Taking a guess at the architecture, the first stage looks to be a push-pull step up convertor, with a passive output rectifier (all those diodes) to generate an DC link at 170Vdc, from 12v to 170 is about a 14x step up, which looks about the winding ratio on the primary inductor. Then that DC link is sent through a basic 120Hz 3 step output (ON - OFF - ON (reversed polarity) to generate a square wave output. When you switch on the grinder you can see it increase the ontime to attempt to keep the RMS voltage at the setpoint (120V), which of course further distorts the waveform into something like looks more like 2 steps. 2kW is 16.6A at 120V, so the output stage, which only switches slowly (and therefore has little switching losses) is fairly small. The input stage of course, down at 12Vdc, needs to pull 166Amps (plus loses) so is a lot more beefy. Even with 8 fets, that's still over 20A per Fet. Because of the high current, they use N channel Fets to get a sufficiently low RDSon, and therefore have to use an isolated source referenced gate driver to create suitable gate voltages (probably at around 24V (12Vsupply + 12V gate)
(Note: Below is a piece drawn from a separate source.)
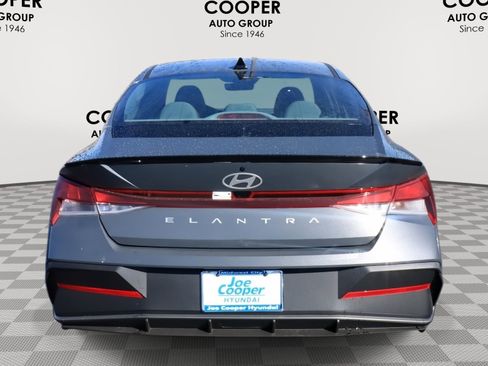 New 2026 Hyundai Elantra Sport image 7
I was going to buy a scope, and then got a USB all-in-one scope/power supply/waveform generator called an Analog Discovery II. It has been the greatest thing I've ever bought for electronics hobby work. Would recommend. Unfortunately, the 25 MHz bandwidth is probably to slow for a lot of radio frequency work (I don't know anything about HAM specifically).
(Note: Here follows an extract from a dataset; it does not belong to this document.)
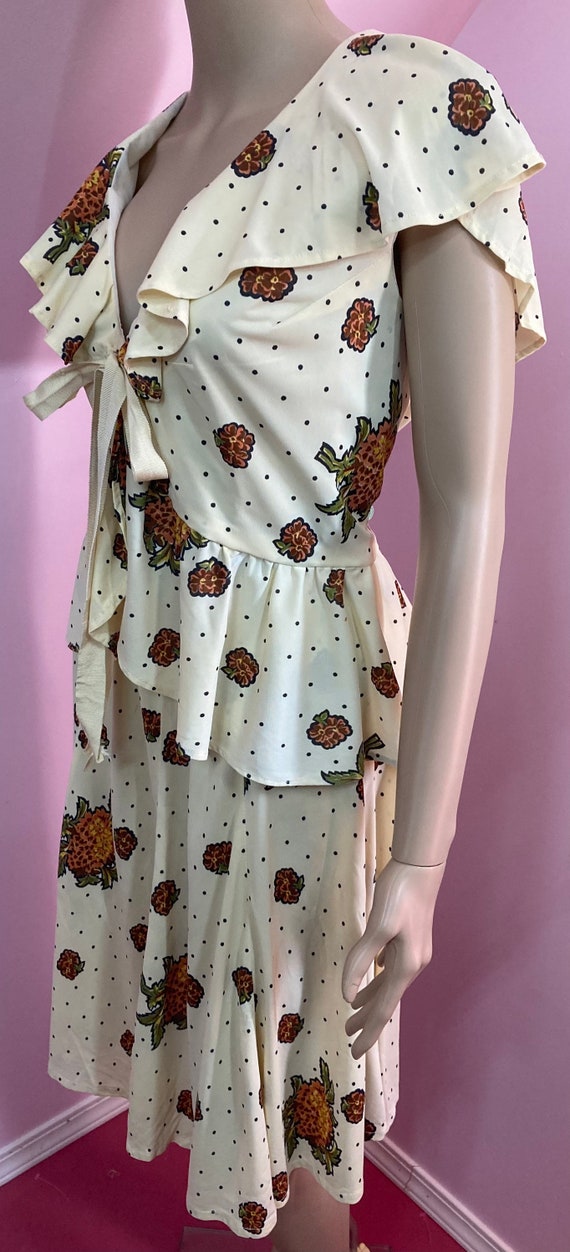 Vintage 70s Ivory Floral Nylon Blouse & Skirt Set… - image 5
Thank you!! I've been dying to see something like this. I'm an OTR trucker and I rely on a 1500w inverter to power stuff like a skillet, 700w microwave, grooming stuff, laptop, etc. And I won't lie, it's a piece of chit!
Definitely not a "true sine" inverter. Did you mean to say it that way at the start of the video? True sine inverters exist (I have several) and they put out a beautiful sine wave. Cleaner than the utility mains by far.
Almost a million subs, holy shit. I've been here since about 200-250k. RU-vid unsubscribed me automatically(I don't know why) but I knew it right away. I'm surprised this channel is still here.
I salvaged the controller out of an old California Instruments "Invertron" that got scrapped at the electric motor manufacturer where I used to work. Interesting little thing. It had an 8 bit ROM chip that could code up to 256 levels of output, and they coded a quarter sine wave into it. A four stage counter would step output modes every time the address in the ROM hit either 11111111 or 00000000. When it hit all ones, it would reverse the address counter and count back down from 11111111 to 00000000. When it hit all zeros, it would again, reverse the address counter, but also toggle the output polarity. This gave a 512 level digital sine wave that completed one cycle in 1024 total steps. Not too shabby for a bit of kit from 1980!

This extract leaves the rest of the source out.